We follow CRAZY RICH ASIANS breakout Constance Wu's Dorothy, (stage-name Destiny) as she is being interviewed by Julia Stiles' journalist Elizabeth. Her humble beginnings as the abandoned daughter of Chinese immigrants left caring for her ailing grandmother sees Dorothy turn to stripping where she meets Ramona Vega (Lopez) a veteran stripper at a high-end New York City club who takes Dorothy under her wing.

At the club we're introduced to cameo characters like “Liz” and “Diamond” played jovially by real-life artists Lizzo and Cardi B (both are hilarious, here) as well as the co-leads Mercedes (SCREAM QUEENS alumn Keke Palmer) and Annabelle (RIVERDALE star Lili Reinhart).

Once the crisis sends the club to the dumps, and their strippers with it, Ramona hatches the idea to take their Wall Street high-rolling clientele to the bank (literally and figuratively) by drugging them, robbing them blind, and allowing her gang of she-thieves to get their lives back together.

HUSTLERS takes audiences through the highs and lows one would expect from a true-life drama film, and even though we realistically know where it will end, the relationship and turbulence between Dorothy and Ramona is the true beating heart of the story as we bounce back and forth between the “present” of the interview and 2007-2014 watching these “Hustlers” rise and fall.

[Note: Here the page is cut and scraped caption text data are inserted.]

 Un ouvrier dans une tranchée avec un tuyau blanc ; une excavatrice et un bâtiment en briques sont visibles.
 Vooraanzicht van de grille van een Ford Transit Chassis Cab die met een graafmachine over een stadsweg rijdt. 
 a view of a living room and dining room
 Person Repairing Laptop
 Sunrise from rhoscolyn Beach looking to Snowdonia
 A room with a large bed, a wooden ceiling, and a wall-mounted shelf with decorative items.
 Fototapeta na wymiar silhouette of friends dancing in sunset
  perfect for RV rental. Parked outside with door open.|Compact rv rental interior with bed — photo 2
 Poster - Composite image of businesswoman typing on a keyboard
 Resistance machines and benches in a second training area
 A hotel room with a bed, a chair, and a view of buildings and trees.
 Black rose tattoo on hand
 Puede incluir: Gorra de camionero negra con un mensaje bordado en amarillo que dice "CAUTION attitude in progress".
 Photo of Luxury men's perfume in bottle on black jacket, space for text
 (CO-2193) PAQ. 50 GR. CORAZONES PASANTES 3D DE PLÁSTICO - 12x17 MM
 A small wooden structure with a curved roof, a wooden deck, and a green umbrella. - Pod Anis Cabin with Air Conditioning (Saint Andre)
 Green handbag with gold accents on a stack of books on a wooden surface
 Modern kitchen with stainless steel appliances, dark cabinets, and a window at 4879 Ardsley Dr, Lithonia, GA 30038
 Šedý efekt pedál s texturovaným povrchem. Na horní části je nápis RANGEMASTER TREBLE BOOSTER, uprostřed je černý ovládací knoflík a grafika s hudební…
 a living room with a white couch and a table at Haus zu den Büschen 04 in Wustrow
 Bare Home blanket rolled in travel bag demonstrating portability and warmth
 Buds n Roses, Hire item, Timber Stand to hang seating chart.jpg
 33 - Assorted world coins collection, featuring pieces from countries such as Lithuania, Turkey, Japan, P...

The energetic hedonism of watching these women seduce, drug, and rob from the rich and give to themselves (and their families) is peppered with moments of depressing reality in the face of judgement.

One scene, the morning after a catastrophic all-nighter, sees Dorothy getting back home and taking her young daughter to school, obviously late. She is still covered in makeup, glitter, and blood, wearing her tight leather pants, knee-high heels, and a revealing crop-top shirt in the stark light of day. She walks with urgency, but care, as she holds her daughters hand, walking her up to the school's front door.

It's a fantastic use of body language from Wu and an equally complimentary use of camerawork in a one-take tracking shot from Scafaria who tracks Dorothy with the intent and dedication of a stalker, following her and the daughter close while catching the looks of judgement from straggling mothers in their business suits and casual-wear.

Another scene, which is all but sure to solidify Lopez as an Oscar contender this season, takes place at the end of the film where Ramona is being interviewed in the present by Stiles' character Elizabeth.

Scafaria's greatest feat in the film as a director is her dedication to the close-up and her willingness to let her performers speak without much to say. Lopez acts the Hell out of her final scene with soft vocal inflections and shifting, watery eyes, as she goes through tokens in her wallet she carries with her. It is one of the best performances I've seen all year and knocks the film's hanging question out of the park on if Ramona was a good person in bad circumstance, or a bad one in worse circumstances.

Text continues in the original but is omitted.